Un résultat de calculateur reste une estimation. Le juge conserve toujours un pouvoir d'appréciation ; plusieurs points listés ci-dessous sont explicitement signalés comme discutables ou encore ouverts en jurisprudence.
- Le cadre légal
- Méthode en deux étapes
- Minimum vital de base
- Garde exclusive
- Garde alternée
- Égalité entre les deux foyers
- Part fiscale de l'enfant
- Taux d'activité attendu
- Priorité de l'enfant mineur
- Un arrêt vaudois de référence
- Part de loyer de l'enfant
- Autres sources appliquées
- Limites et points ouverts
Le cadre légal général
L'obligation d'entretien des parents envers leur enfant est fixée par le Code civil suisse, indépendamment de leur état civil :
Les allocations familiales sont réglées séparément (art. 285a CC) : elles doivent être déduites des besoins de l'enfant, quel que soit le parent qui les perçoit. Ces trois articles forment le socle sur lequel repose l'ensemble du calcul.
La méthode en deux étapes
ATF 147 III 265 · IIᵉ Cour de droit civil, 11 novembre 2020
Cet arrêt de principe unifie la méthode de calcul de la contribution d'entretien dans toute la Suisse : d'abord couvrir le minimum vital de chacun, puis répartir un éventuel excédent.

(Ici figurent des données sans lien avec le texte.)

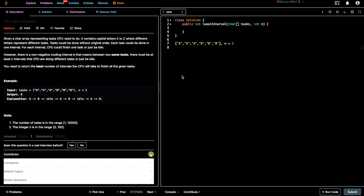Welcome to Let's Talk Algorithms. I'm Venktesh, and today we'll be solving the problem Task Scheduler. The problem statement is: given a list of tasks in the form of uppercase characters and a cooldown period n, after solving each task you must either wait the cooldown period or solve other tasks. We need to find the least number of intervals the CPU will take to finish all the given tasks.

L'arrêt précise aussi que les postes de confort (voyages, hobbys) ne font pas partie du minimum vital, même élargi : ils doivent être financés par l'excédent, pas par les charges de base.
Implémentation retenue : c'est la structure même du moteur de calcul : minimum vital strict, puis besoins élargis de l'enfant (prioritaires), puis confort élargi des parents, puis répartition de l'excédent selon la règle des « grandes et petites têtes » (deux parts par adulte, une part par enfant).
Le minimum vital de base
Art. 93 de la loi fédérale sur la poursuite pour dettes et la faillite (LP)

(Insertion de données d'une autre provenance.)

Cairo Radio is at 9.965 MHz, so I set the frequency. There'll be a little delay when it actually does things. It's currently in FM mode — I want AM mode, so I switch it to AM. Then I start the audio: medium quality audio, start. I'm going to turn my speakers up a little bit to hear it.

Le minimum vital du droit de la famille utilisé dans le calcul de l'entretien s'appuie sur le minimum vital du droit des poursuites : le montant qu'un débiteur a le droit de conserver même sous saisie de salaire.
Les montants forfaitaires concrets (personne seule, ménage commun, majoration pour un parent seul avec enfant) découlent des lignes directrices de la Conférence des préposés aux poursuites et faillites de Suisse, reprises par la pratique des tribunaux civils. Ce principe (le débiteur ne peut pas être forcé sous son propre minimum vital, même pour son enfant) est repris et confirmé dans le droit de la famille par l'ATF 147 III 265 et par le Tribunal fédéral dans TF 5A_118/2023 (consid. 5.3.2 : « le minimum vital selon l'art. 93 LP […] doit dans tous les cas être préservé »).

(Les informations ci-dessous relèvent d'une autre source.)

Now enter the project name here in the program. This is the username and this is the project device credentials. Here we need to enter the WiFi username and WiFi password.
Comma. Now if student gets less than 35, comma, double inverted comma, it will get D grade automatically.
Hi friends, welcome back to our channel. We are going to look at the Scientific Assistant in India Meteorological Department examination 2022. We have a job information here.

Un cas particulier mérite un mot : un parent qui vit en concubinage voit sa base réduite de moitié (1'700.- ÷ 2 = 850.- au lieu de 1'200.-), à condition que son ou sa partenaire dispose lui-même d'un revenu.
Implémentation retenue : aucun parent ne se voit assigner une pension qui le ferait descendre sous son propre minimum vital. C'est un garde-fou vérifié à chaque étape du calcul, dans les deux modes de garde. Le champ « statut » (seul·e ou en concubinage) applique automatiquement la bonne base : ce réglage, confronté aux données retenues dans l'arrêt vaudois HC/2022/802 cité plus bas, a d'ailleurs révélé une erreur de saisie de notre part sur ce même dossier (voir « un arrêt vaudois de référence »).
Garde exclusive : qui compte dans l'excédent
ATF 149 III 441 = TF 5A_668/2021 · IIᵉ Cour de droit civil, 19 juillet 2023
Pour des parents non mariés en garde exclusive, seul le parent débirentier (celui qui verse la pension) compte comme « grande tête » dans le partage de l'excédent. Le parent gardien n'a pas de créance d'entretien propre envers l'autre, puisqu'ils n'ont jamais été mariés.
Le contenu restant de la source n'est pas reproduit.